Today's high-end audio is a wealthy person's game, and you need to face the
fact that you simply have a different value system.


I would quibble with this. It's more about value than actual wealth or
dollars. By world standards, I'd guess that the vast majority of this
group's readers are "wealthy." Most likely, we all have food, clothing,
shelter and some amount of disposable income.

So, how to spend that disposable income? Some people think it's nuts to
spend more than $1,000 on an entire audio system. I'd guess most of us
have spent much more than that, because we've each decided that spending
more gives "value" to us.

Some people, maybe even in this group, think it's nuts to spend $1,000
on a turntable system. I spent much, much more than that, and I think
the system offers a great value. But that's just my opinion.

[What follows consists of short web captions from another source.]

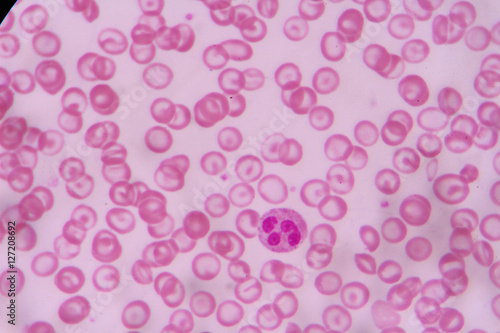 complete blood count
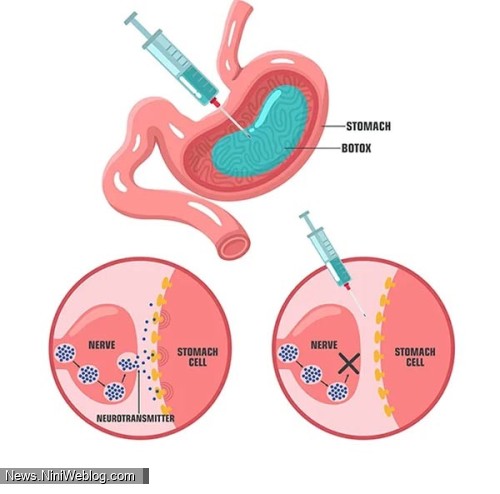 بوتاکس معده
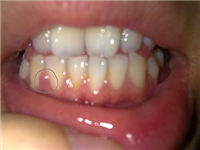 牙龈癌早期症状有哪些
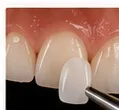 Lentes de contato dental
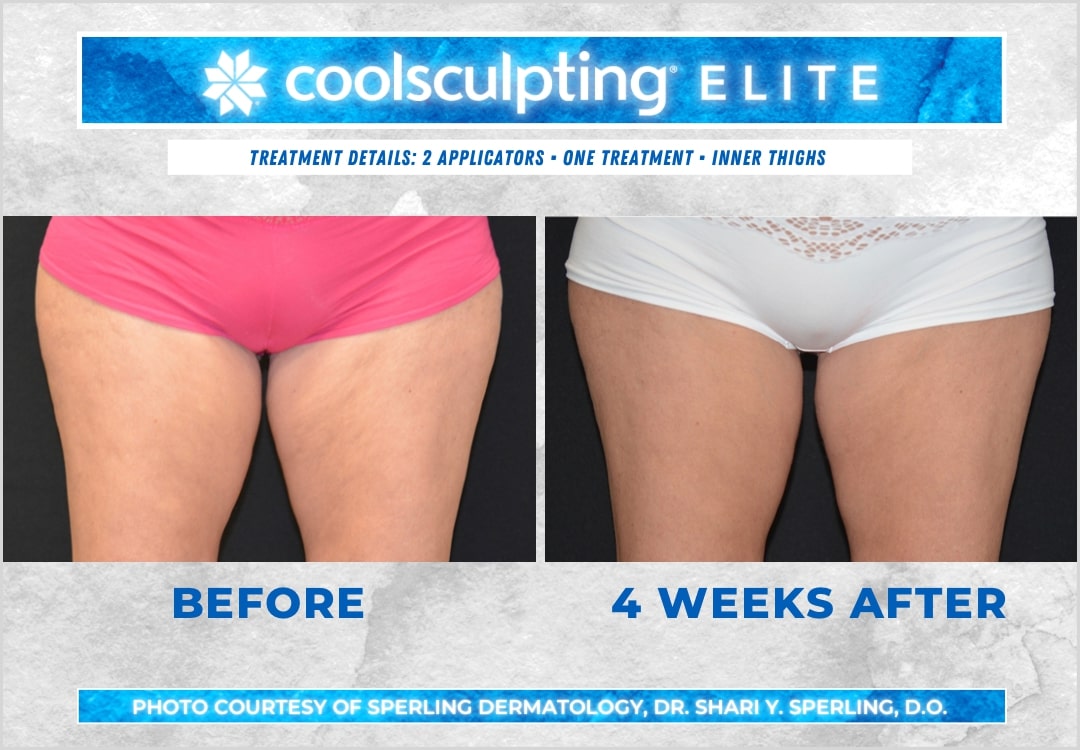 Before & After Thighs CoolSculpting in New Jersey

And so on, with cables, amplifiers, CD players... What defines value?
Bench test results? Appearance? Reliability? Build quality? "Look and
feel?" Bragging rights? Being the first kid on the block with new
technology? A combination of some or all of those?

It's up to the buyer to decide where his money is spent. Not all buyers
of luxury products are wealthy - it's a question of priorities. For me,
I find money spent on audio delivers a greater return of satisfaction
than, say, money spent on a car - - - but only to a point. (Otherwise,
I'd drive a beat-up Chevy, or a Kia. And I don't.)

Some people - and Audio Empire is one of them - think spending kilobucks
on audio cable is laughable, actually worthy of derision:

Sometimes It's just fun to make light of suckers and the snake oil they buy.
Besides, if one cannot join the upper classes, one should applaud anyone,
like Bill Lowe of AudioQuest, who is doing his best to deplete them!


I think it' unfortunate that participants in an audio newsgroup should
be subject to ridicule because of their audio values. The goal of the
high-end should not necessarily be the acquisition of the cheapest means
to an end unless, of course, those are your personal values. But why
should others be subject to Audio Empire's values, or any else's?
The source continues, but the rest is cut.